Je vois que « l’exécution extrajudiciaire ou la disparition forcée d’une personne » fait aussi partie de la liste. Pensons au journaliste saoudien qui a été exterminé. Pensons aussi aux deux Canadiens tués aux Philippines.
On a aussi inclus la « discrimination systémique ». C'est très large. Lorsque je présidais le comité de la condition féminine, nous recevions des visiteurs de différents pays où les femmes étaient victimes de discrimination systémique. Ces gens venaient voir comment on faisait les choses au Canada. Certains diront qu'il y a encore de la discrimination systémique au Canada. La communauté LGBTQ est un autre groupe qui fait l'objet de discrimination systémique dans le monde. Si nos tribunaux se retrouvaient submergés par toutes ces affaires de discrimination, ils seraient vraiment très occupés.
Les violations des droits de la personne qui ont cours actuellement à Hong Kong me viennent à l'esprit. Il y a 300 000 Canadiens qui vivent à Hong Kong. Le gouvernement de la Chine essaie de faire adopter des règles d'extradition afin de pouvoir faire venir en Chine toute personne qui vit à Hong Kong. Je suis très inquiète à l'idée que l'adoption de ce projet de loi puisse aussi amener de nombreux étrangers de cette région à profiter du système judiciaire canadien pour intenter des poursuites au civil.
L'enrôlement d'enfants dans les forces armées ou les groupes paramilitaires est un autre élément de la liste. Nous savons que, dans tous les combats que livre le groupe armé État islamique, des enfants soldats sont employés. C'est le cas dans différents conflits en Afrique et ailleurs. Cela ouvrirait également la voie à un grand nombre de personnes qui voudrait obtenir une compensation des tribunaux canadiens au niveau civil.
Un autre élément de la liste est le viol. Le viol est un crime répandu au Canada. Les données indiquent qu'une Canadienne sur trois sera victime de violence sexuelle au cours de sa vie. Si on pense au nombre de cas qui surviennent et au nombre que les tribunaux laissent tomber, on comprend qu'il ne serait pas possible d'en traiter davantage.
Il y a également l'avortement forcé et la stérilisation forcée dans la liste. Aujourd'hui, au comité de la santé, nous avons entendu des témoignages au sujet de la stérilisation forcée et des milliers de femmes qui la subissent au Canada.

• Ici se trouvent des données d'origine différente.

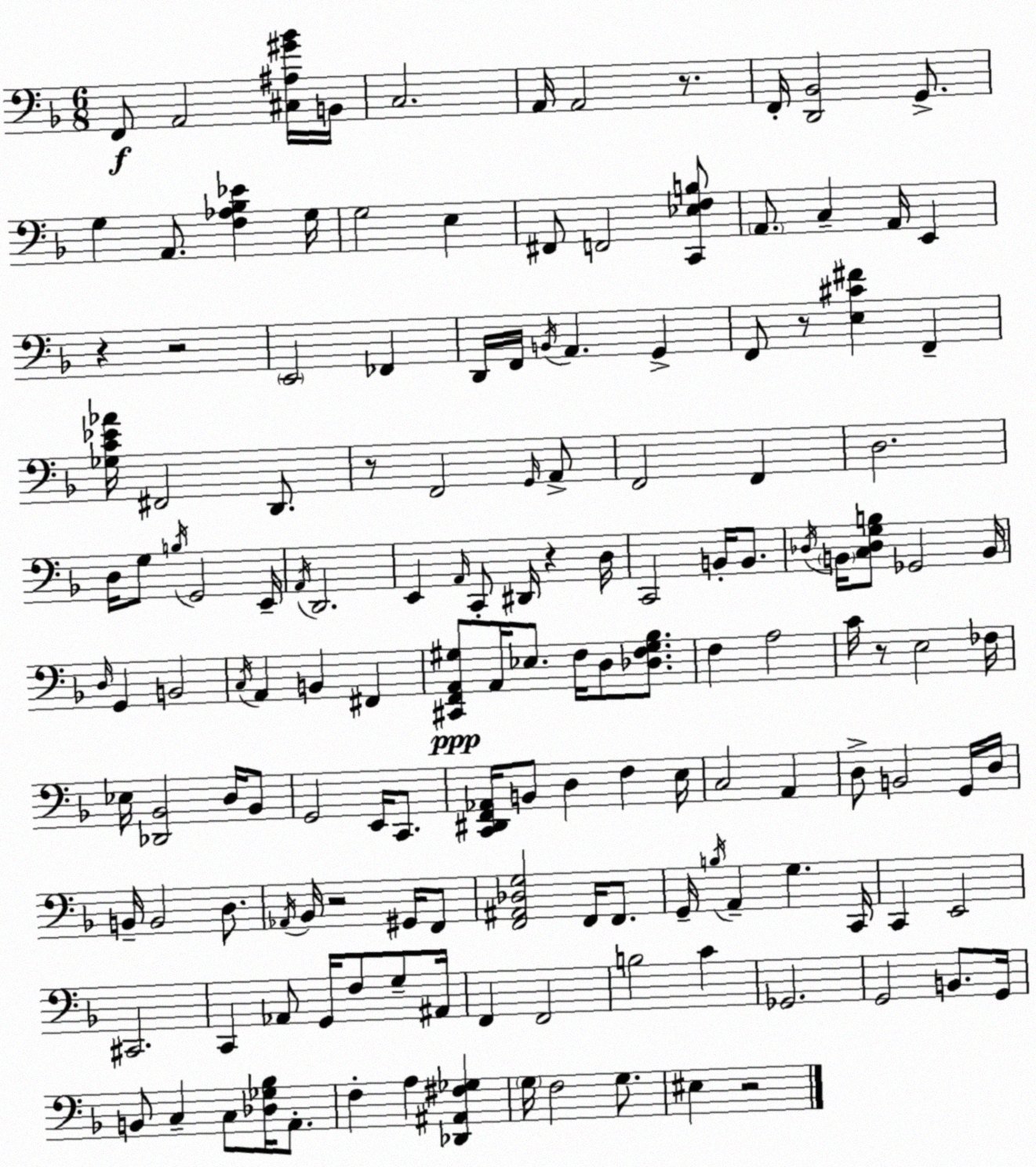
X:1
T:Untitled
M:6/8
L:1/4
K:F
F,,/2 A,,2 [^C,^A,^G_B]/4 B,,/4 C,2 A,,/4 A,,2 z/2 F,,/4 [D,,_B,,]2 G,,/2 G, A,,/2 [F,_A,_B,_E] G,/4 G,2 E, ^F,,/2 F,,2 [C,,_E,F,B,]/2 A,,/2 C, A,,/4 E,, z z2 E,,2 _F,, D,,/4 F,,/4 B,,/4 A,, G,, F,,/2 z/2 [E,^C^F] F,, [_G,C_E_A]/4 ^F,,2 D,,/2 z/2 F,,2 G,,/4 A,,/2 F,,2 F,, D,2 D,/4 G,/2 B,/4 G,,2 E,,/4 A,,/4 D,,2 E,, A,,/4 C,,/2 ^D,,/4 z D,/4 C,,2 B,,/4 B,,/2 _D,/4 B,,/4 [C,_D,G,B,]/2 _G,,2 B,,/4 D,/4 G,, B,,2 C,/4 A,, B,, ^F,, [^C,,F,,A,,^G,]/2 A,,/4 _E,/2 F,/4 D,/2 [_D,F,^G,_B,]/2 F, A,2 C/4 z/2 E,2 _F,/4 _E,/4 [_D,,_B,,]2 D,/4 _B,,/2 G,,2 E,,/4 C,,/2 [C,,^D,,F,,_A,,]/4 B,,/2 D, F, E,/4 C,2 A,, D,/2 B,,2 G,,/4 D,/4 B,,/4 B,,2 D,/2 _A,,/4 _B,,/4 z2 ^G,,/4 F,,/2 [F,,^A,,_D,G,]2 F,,/4 F,,/2 G,,/4 B,/4 A,, G, C,,/4 C,, E,,2 ^C,,2 C,, _A,,/2 G,,/4 F,/2 G,/2 ^A,,/4 F,, F,,2 B,2 C _G,,2 G,,2 B,,/2 G,,/4 B,,/2 C, C,/2 [_D,_G,_B,]/4 A,,/2 F, A, [_D,,^A,,^F,_G,] G,/4 F,2 G,/2 ^E, z2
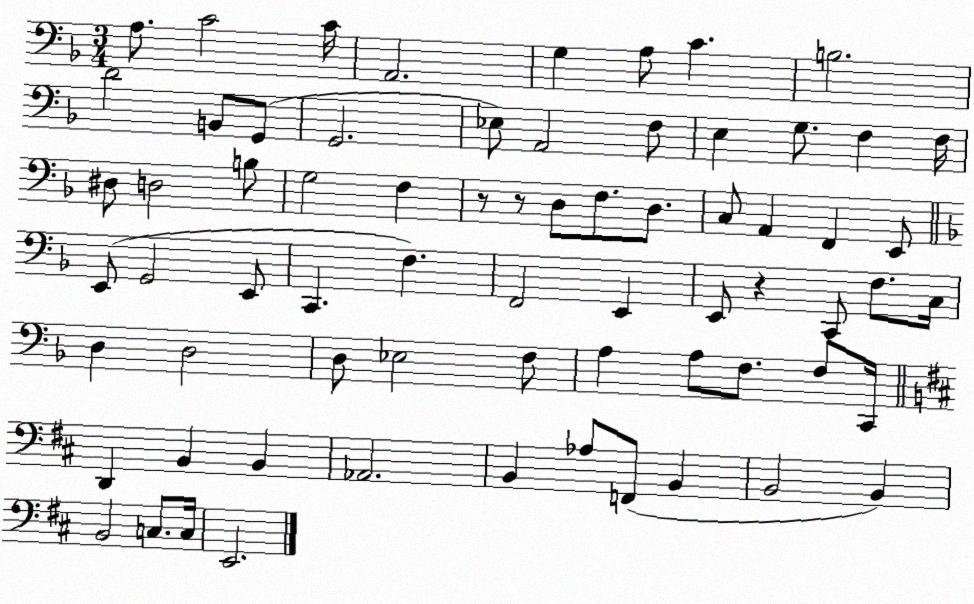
X:1
T:Untitled
M:3/4
L:1/4
K:F
A,/2 C2 C/4 A,,2 G, A,/2 C B,2 D2 B,,/2 G,,/2 G,,2 _E,/2 A,,2 F,/2 E, G,/2 F, F,/4 ^D,/2 D,2 B,/2 G,2 F, z/2 z/2 D,/2 F,/2 D,/2 C,/2 A,, F,, E,,/2 E,,/2 G,,2 E,,/2 C,, F, F,,2 E,, E,,/2 z C,,/2 F,/2 C,/4 D, D,2 D,/2 _E,2 F,/2 A, A,/2 F,/2 F,/2 C,,/4 D,, B,, B,, _A,,2 B,, _A,/2 F,,/2 B,, B,,2 B,, B,,2 C,/2 C,/4 E,,2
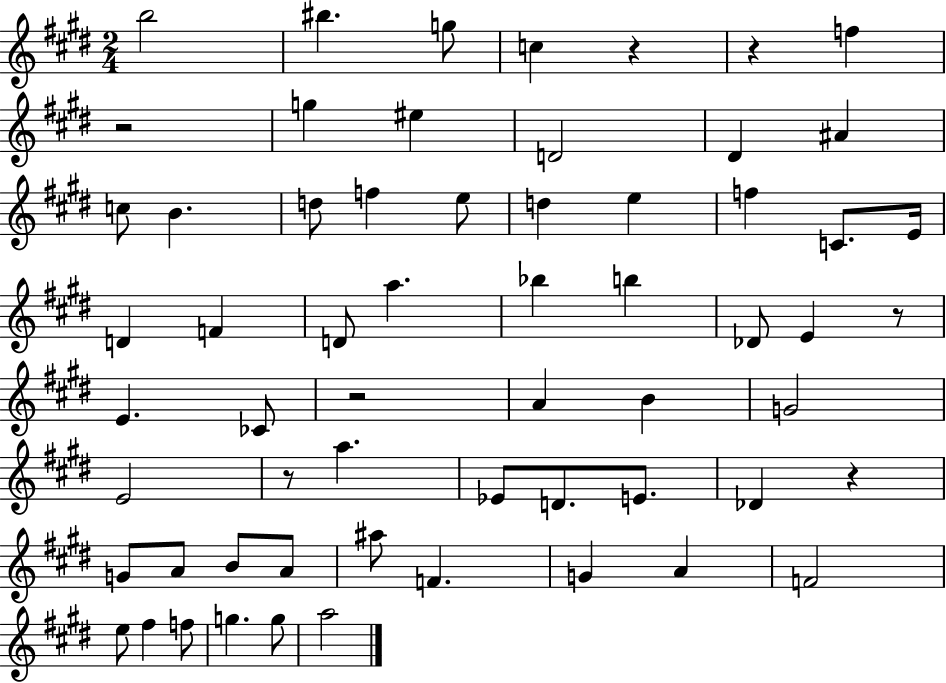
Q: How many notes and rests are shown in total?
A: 61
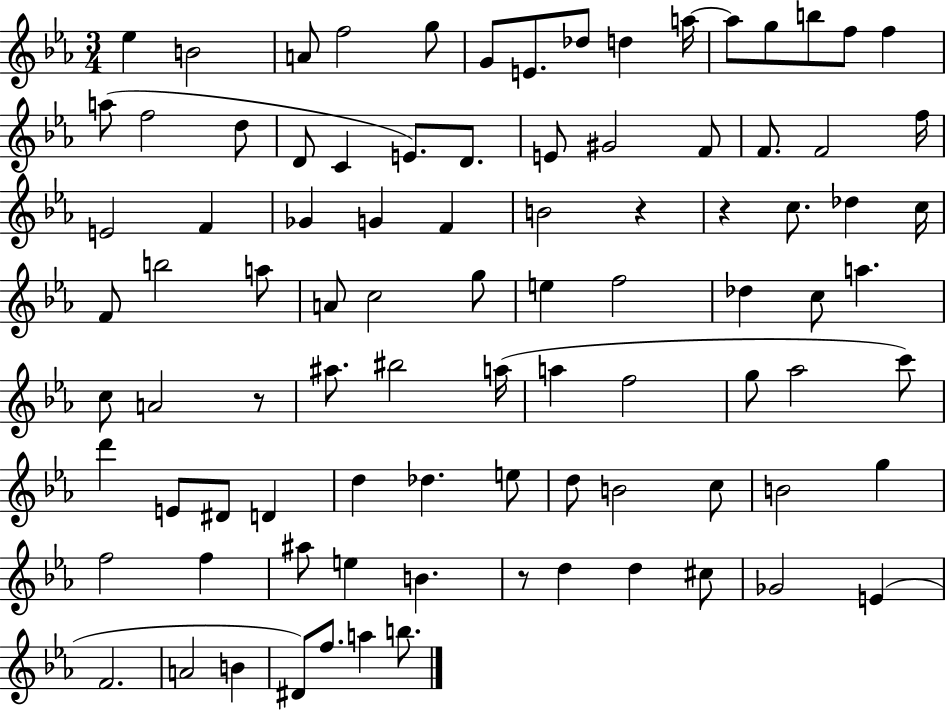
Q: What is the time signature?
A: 3/4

C'est horrible, mais, encore une fois, nous avons déjà beaucoup d'affaires du genre à traiter ici même.
Des enjeux comme la pollution se trouvent aussi sur la liste. Pensons à la pollution par le plastique causée par des personnes qui ne sont pas des Canadiens. Nous savons que 95 % de la pollution dans les océans provient de huit fleuves d'Asie et de deux fleuves d'Afrique. Encore là, il pourrait y avoir une montagne de plaintes à traiter.
Un autre élément de la liste est l'urgence environnementale. Ce pourrait être quelque chose comme l'urgence climatique dont les libéraux voulaient que nous débattions. Il n'en a plus jamais été question, alors ce devait être une urgence pas très urgente. Les urgences climatiques ou environnementales pourraient aussi être invoquées.
Je sais que les intentions du député étaient bonnes lorsqu'il a présenté le projet de loi et qu'il voulait cibler les problèmes liés aux entreprises canadiennes, par exemple, mais la portée du projet de loi doit être beaucoup plus restreinte et je ne crois pas que le système judiciaire fédéral ait la capacité requise. J'invite le gouvernement actuel ou, à partir du 21 octobre, le gouvernement conservateur, à rétablir les capacités du système judiciaire fédéral.